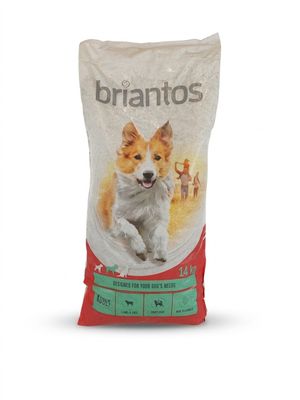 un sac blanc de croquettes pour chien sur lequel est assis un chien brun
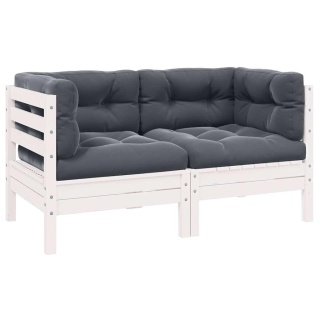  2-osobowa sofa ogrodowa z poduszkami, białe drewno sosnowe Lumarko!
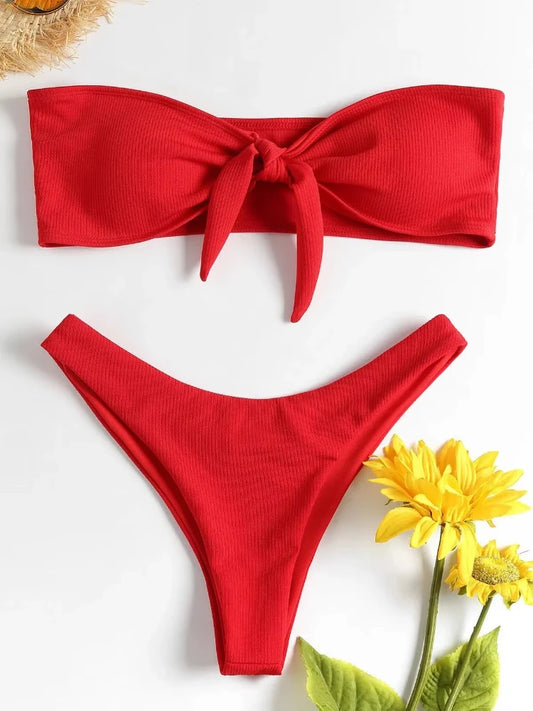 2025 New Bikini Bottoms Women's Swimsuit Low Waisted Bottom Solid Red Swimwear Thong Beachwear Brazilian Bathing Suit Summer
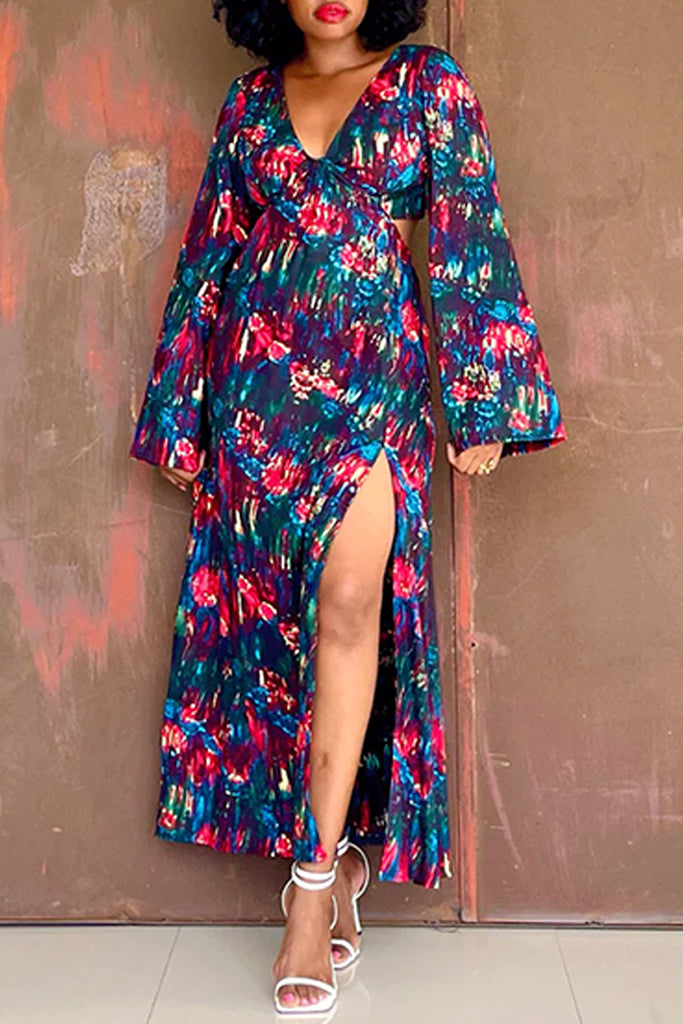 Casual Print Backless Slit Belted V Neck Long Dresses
########################################
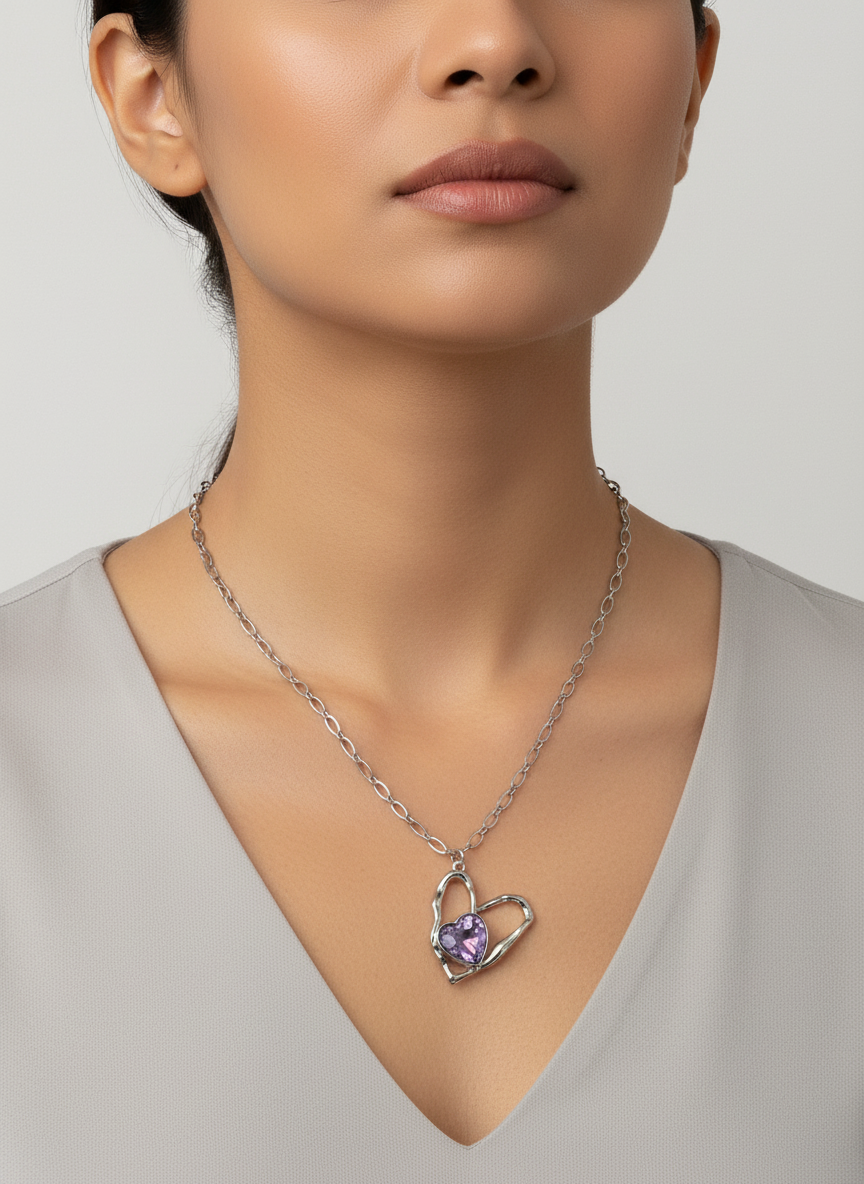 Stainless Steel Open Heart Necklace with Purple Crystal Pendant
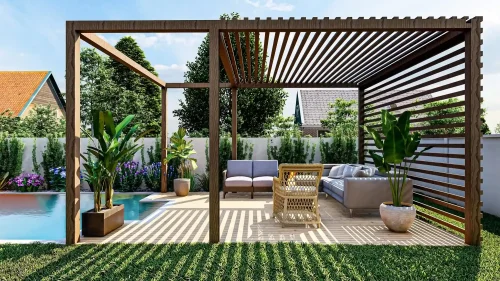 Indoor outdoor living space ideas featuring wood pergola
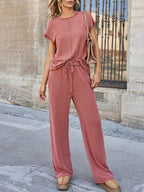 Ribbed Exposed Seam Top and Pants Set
########################################
# Task statement
Exact repeat of the material above: every line from the one with "2-osobowa sofa ogrodowa" through the one with "Casual Print Backless", endpoints included, and nothing more. No pictures.

# Answer box
  2-osobowa sofa ogrodowa z poduszkami, białe drewno sosnowe Lumarko!
 2025 New Bikini Bottoms Women's Swimsuit Low Waisted Bottom Solid Red Swimwear Thong Beachwear Brazilian Bathing Suit Summer
 Casual Print Backless Slit Belted V Neck Long Dresses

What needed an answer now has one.